Up For the Challenge - Brynn Thomas '11

Up For the Challenge


Brynn Thomas and Professor Susan Latham

Brynn Thomas isn’t one to shy away from a challenge. In fact, the senior psychology major chose Saint Mary’s because of the new experiences the College would offer her. “Coming from a co-ed high school, Saint Mary’s was a large step outside of my comfort zone and I wanted to challenge myself,” she says.

Saint Mary’s turned out to be a perfect fit and the next challenge Brynn faced was selecting her major. She chose psychology with a minor in communicative disorders. These choices helped Brynn map out a career path based on her interest in autism.

Brynn’s sister has high-functioning autism.
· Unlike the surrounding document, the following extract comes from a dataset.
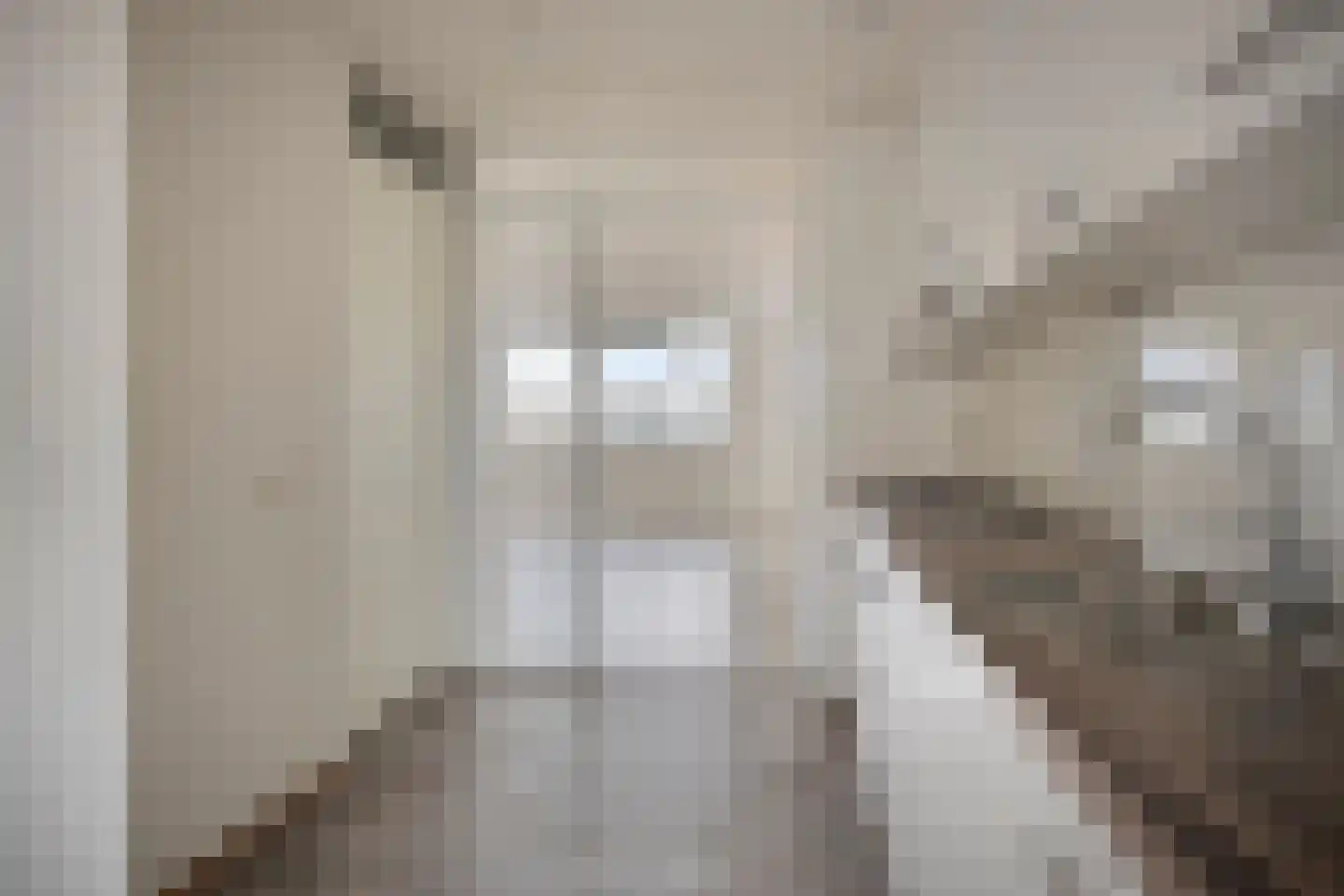 Pettelaarseweg 647 's-Hertogenbosch thumbnail 10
In high school, Brynn learned a lot about autism spectrum disorder from her sister’s therapist and, after taking an advanced placement psychology course, Brynn took an interest in working with kids with autism.

At Saint Mary’s, Brynn took courses taught by Professor Susan Latham, coordinator of the communicative disorders program, enhancing Brynn’s favorite part of the academic experience.
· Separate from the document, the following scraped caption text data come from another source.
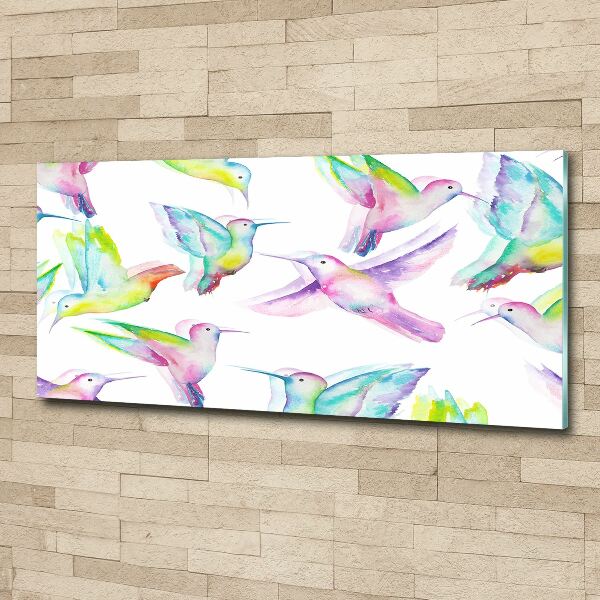 Acrylbild Fotodruck Kolibris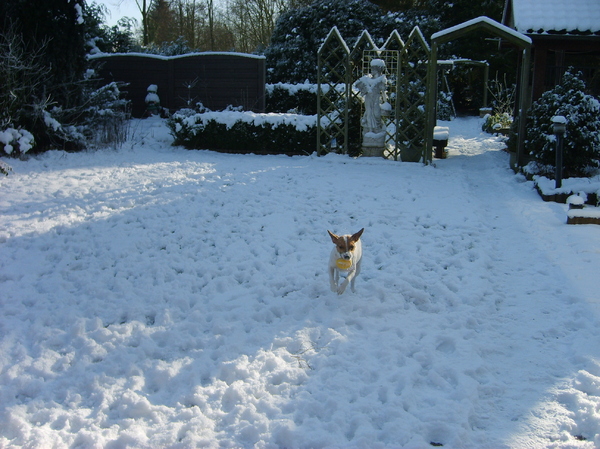 Bollie in de sneeuw met zijn bal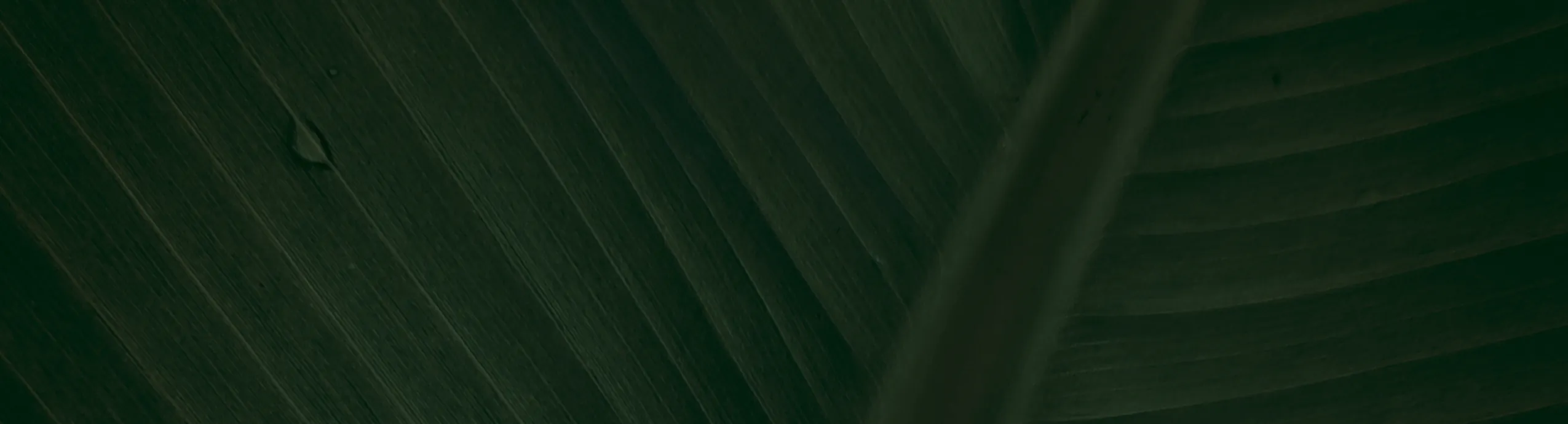 Yara Abotek – Potasio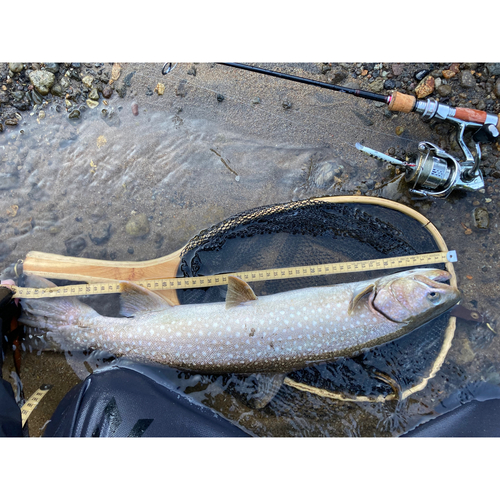 アメマスの釣果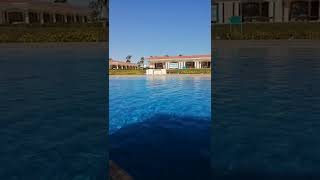 Какая погода в Египте в феврале? Отель Jolie Ville Golf &amp; Resort | #shorts | Atpalm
“The moment when I can apply or connect what I have learned in class to a real life situation is something that I really enjoy. The professors in my classes expand on the subject as much as possible to show the students how relevant it is. They show us how we might normally overlook a situation but with our new knowledge, we can recognize it and learn from it,” Brynn explains.

In her junior year, the two decided to apply Brynn’s learning and Latham’s own research through the Student Independent Study and Research (SISTAR) program. SISTAR grants fund summer research for student-faculty teams during which the student acts as a junior colleague. SISTAR teams present their research the following semester to the College community and at professional conferences all over the country.

Brynn and Latham were awarded the 2010 Maryjeanne R. Burke and Daughters SISTAR grant and took on the topic of autism treatment. In addition, Brynn worked, and still works, with Professor Joshua Diehl at Notre Dame in the University’s F.U.N. (For Understanding Neurodevelopment) lab. 

Hands-on experience in her chosen field is helping to shape Brynn’s future. “Being able to take my interests, something I enjoy doing, and turning them into a career would be an amazing accomplishment,” she says.

The key to facing her next challenge—beginning her career after graduation this year—is flexibility, Brynn says. “I try to look at life as a path that continually changes. Every time I create a plan for myself, it is inevitable that I will have to adjust it. I try to adapt to life, while staying calm and optimistic.”